He described himself as a "dancing ape" and "a Calvinist," with all the attendant self-loathing that implies. By all accounts, he was "genially ugly," physically inept, sexually insecure, profoundly superstitious and emotionally demanding. He was also a brilliant poet and raconteur, and a generous -- though rarely encouraging -- mentor to younger poets. Although something of an academic prodigy himself, Spicer loathed academic life. His own "academy" was conducted in a succession of North Beach bars by night and in the bleachers of Aquatic Park by day.

Poetically, politically and culturally astute, Spicer offered his "circle" a virtual seminar of sharp-eyed and sharp-tongued critiques of the major movements of his day. An amiably equal-opportunity gadfly, he spared very few of his eminent contemporaries, gleefully anatomizing everything from the banalities of official verse culture to the emergent if regressive confessionalism and identity-based poetics of the period to the cutting-edge hype of the then "New" American Poetry.

If Spicer's influence on the poets who gathered around him was immediate and decisive, his influence since his death has been intermittent, if tellingly on the rise. His Collected Books has been continuously in print since 1975; he is acknowledged as a major precursor of the Language School and as a rich source of inspiration for a number of post-Stonewall gay and lesbian writers. Once considered a talented eccentric, curiously out of step with his times, he may now be read as having surely if darkly anticipated much of the social and cultural landscape we inhabit in the '90s. Perhaps his time has come at last.

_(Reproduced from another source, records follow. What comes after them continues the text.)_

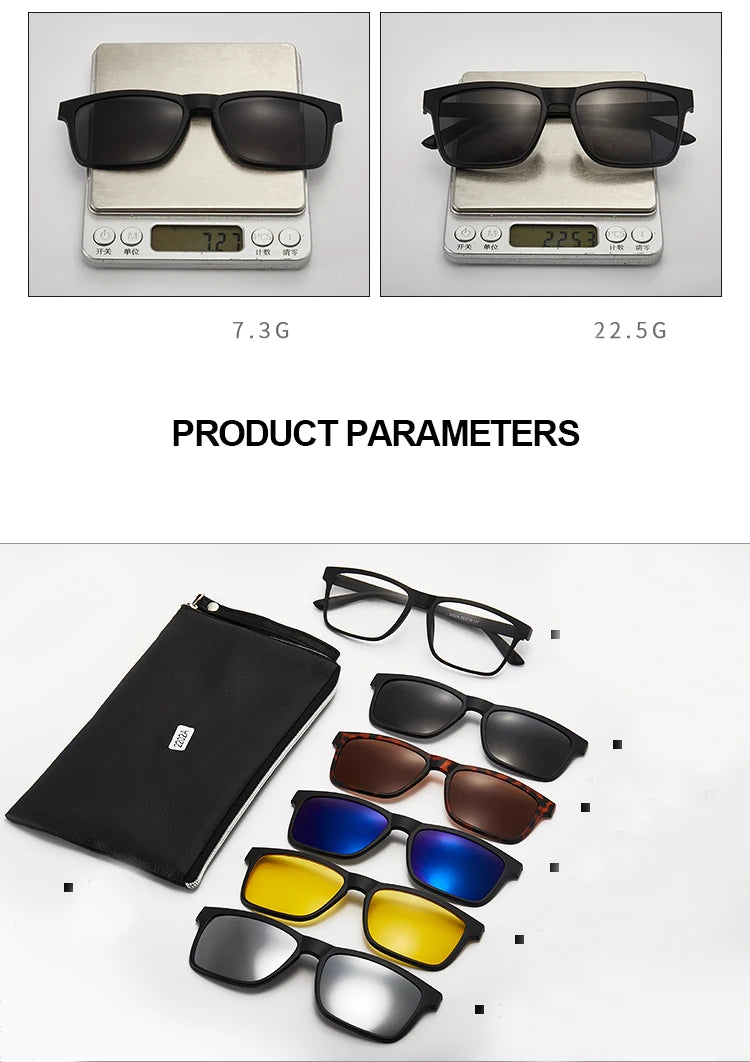6-in-1 Polarized Magnetic Clip-On Sunglasses – Men & Women Sun Glasses with Frame & Bag
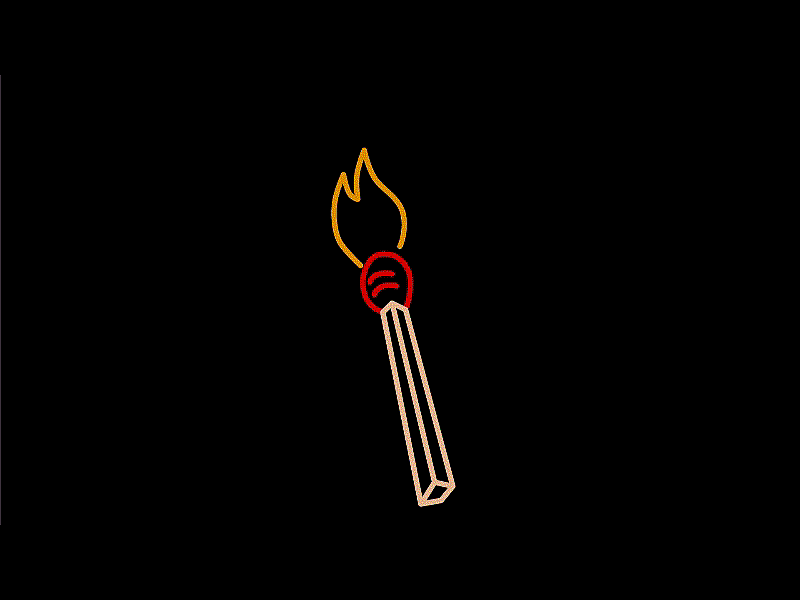 Matchstick Neon Sign 2D Animation 2d animation animation burn burning burnt danger fire flame flaming flammable heat hot ignite igniting ignition lit match matchstick neon red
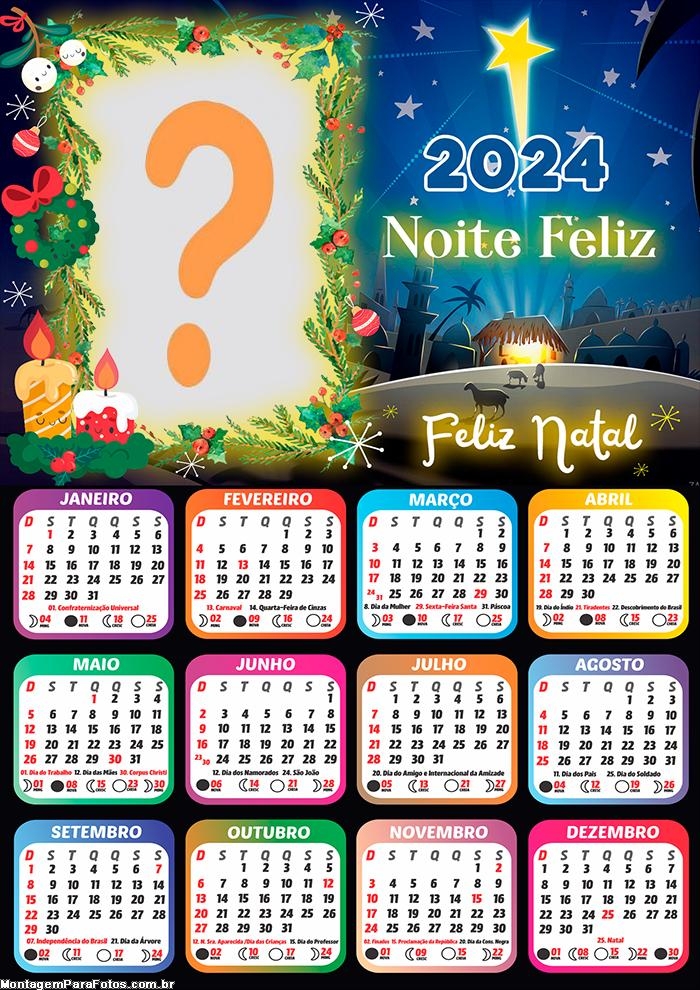 Fazer Foto Grátis Calendário 2024 Feliz Natal Noite Feliz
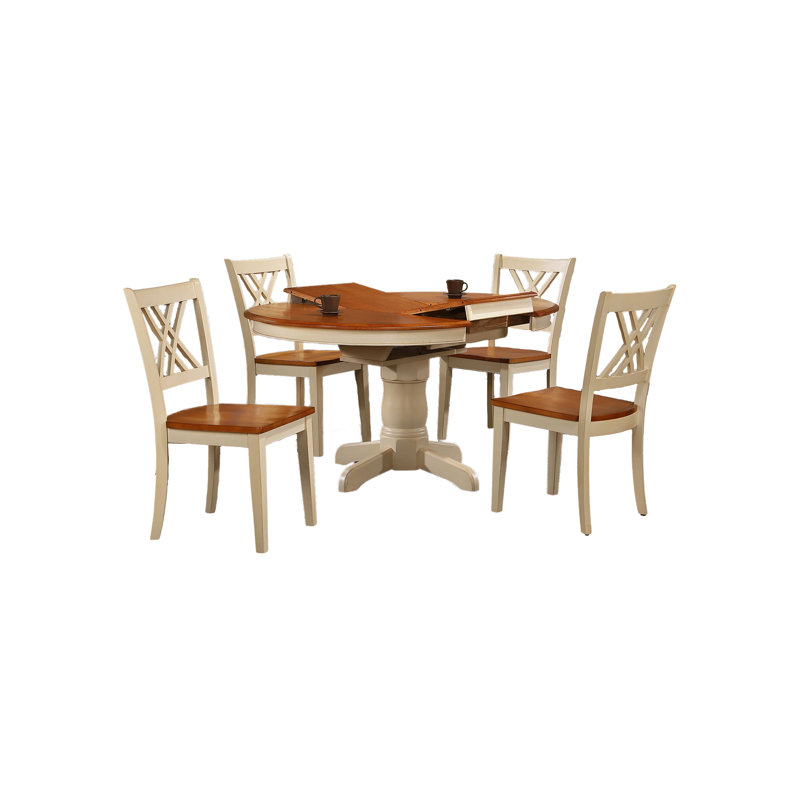 Comari 5-Piece Solid Wood Round Extendable Butterfly Leaf Dining Set 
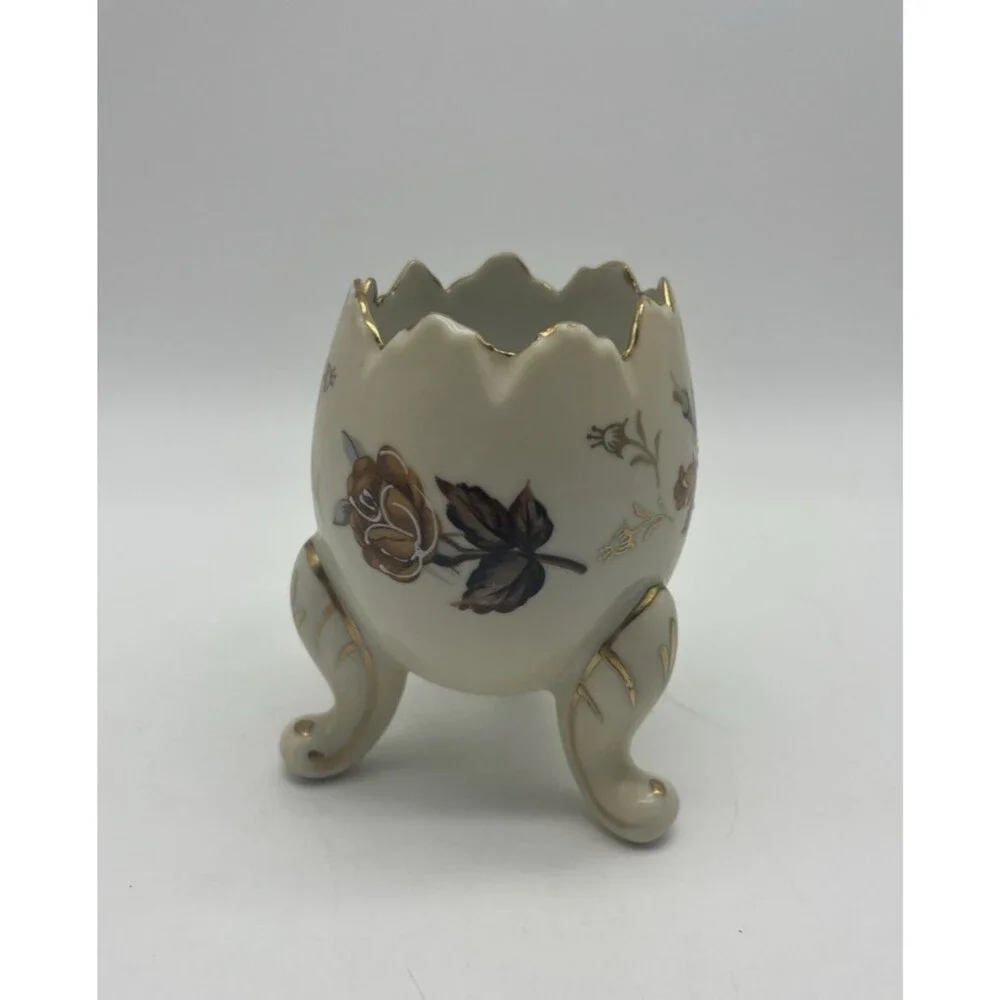 Ceramic Egg-Shaped Figurine Floral Design Three Legs Glossy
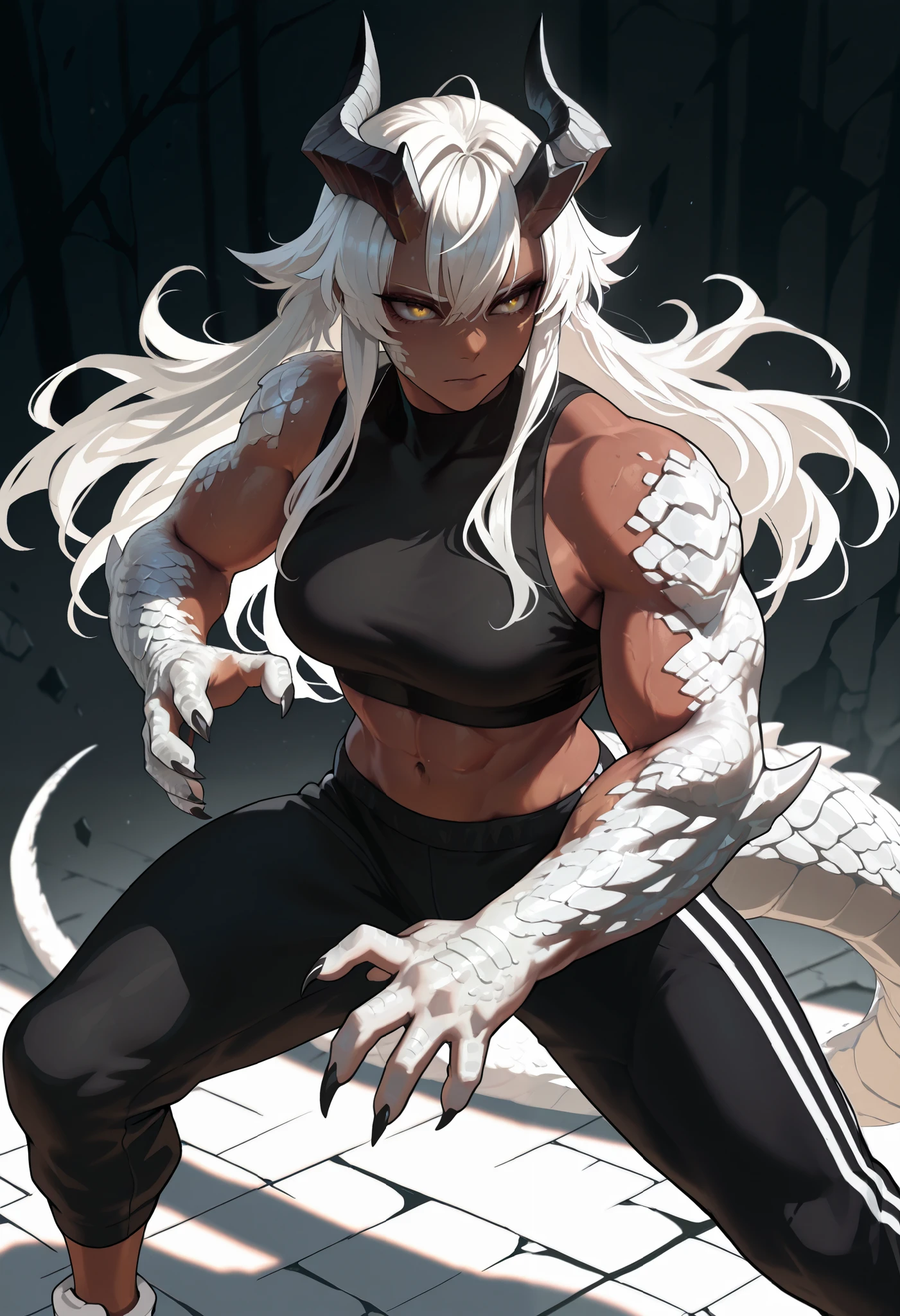 muscular creature, dark horns, yellow eyes, short spiky white hair, black crop top, sport pants, humanoid arms with sharp claws and scales, silver scales on arms and legs, calm pose, athletic, posed in a dynamic stance,dark skin tone, BREAK background is simple and muted, with a gradient effect and soft, neutral tones.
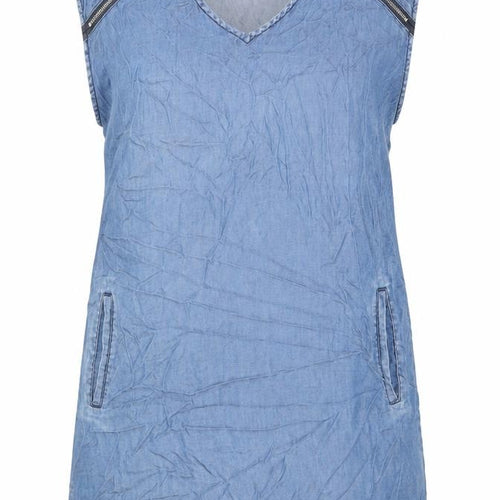 Max Jeans Women Blue Chambray Shift Dress Size M Sleeveless Zip Pockets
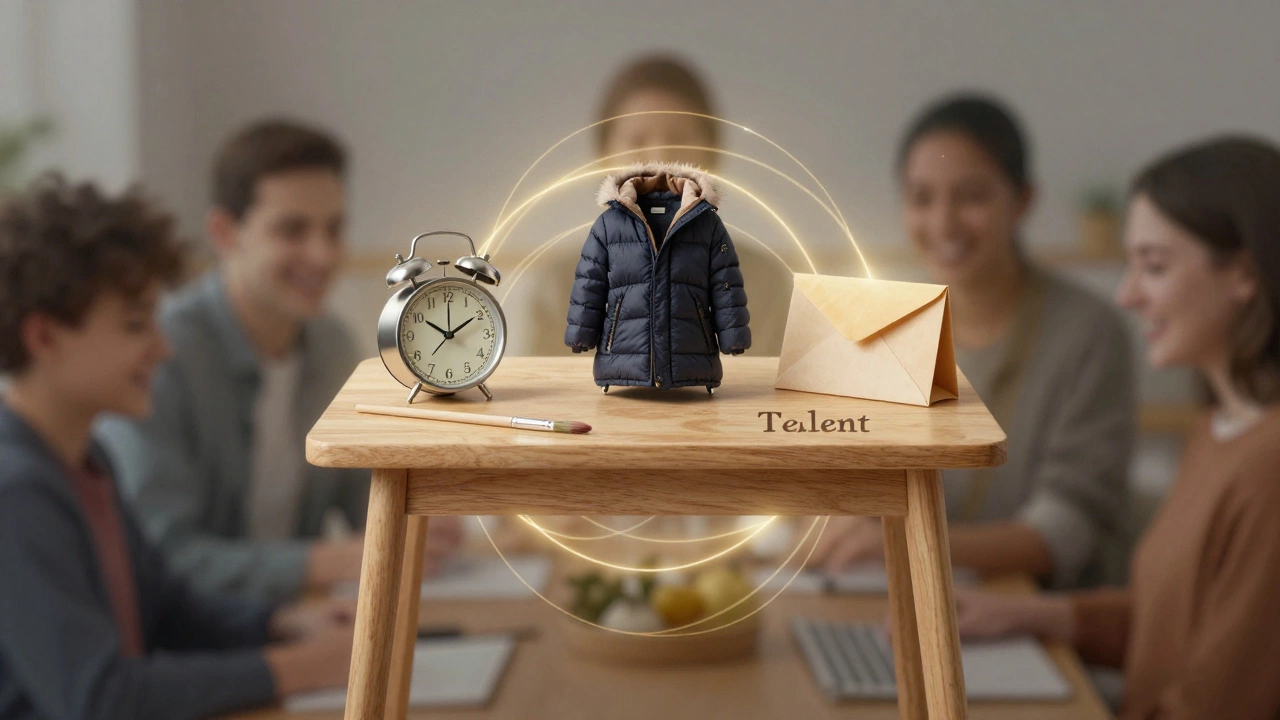 Symbolic representation of Time, Talent, and Treasure connected by golden threads in a community setting.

Equally new and noteworthy is The House That Jack Built: The Collected Lectures of Jack Spicer. Scrupulously transcribed and edited by poet Peter Gizzi, who also contributes a fine essay on Spicer by way of an "Afterword," this volume collects for the first time the four historic talks Spicer gave in the months before his death. Delivered extemporaneously, without notes and intended as oral, if not oracular, transmissions, these lectures -- together with his final, posthumously published Book of Magazine Verse -- effectually comprise the poet's last will and testament.

The first three talks were recorded over several evenings in June 1965 and were addressed to an audience "assumed to be actively interested in writing poetry." Each evening Spicer read from his work and raised key issues in poetics. He began with a discussion of his theories of "dictation" (how poems come to the poet) and "the Outside" (where poems come from). For Spicer, a poet isn't an "author," but rather the receiver or translator or scribe of messages coming in from elsewhere.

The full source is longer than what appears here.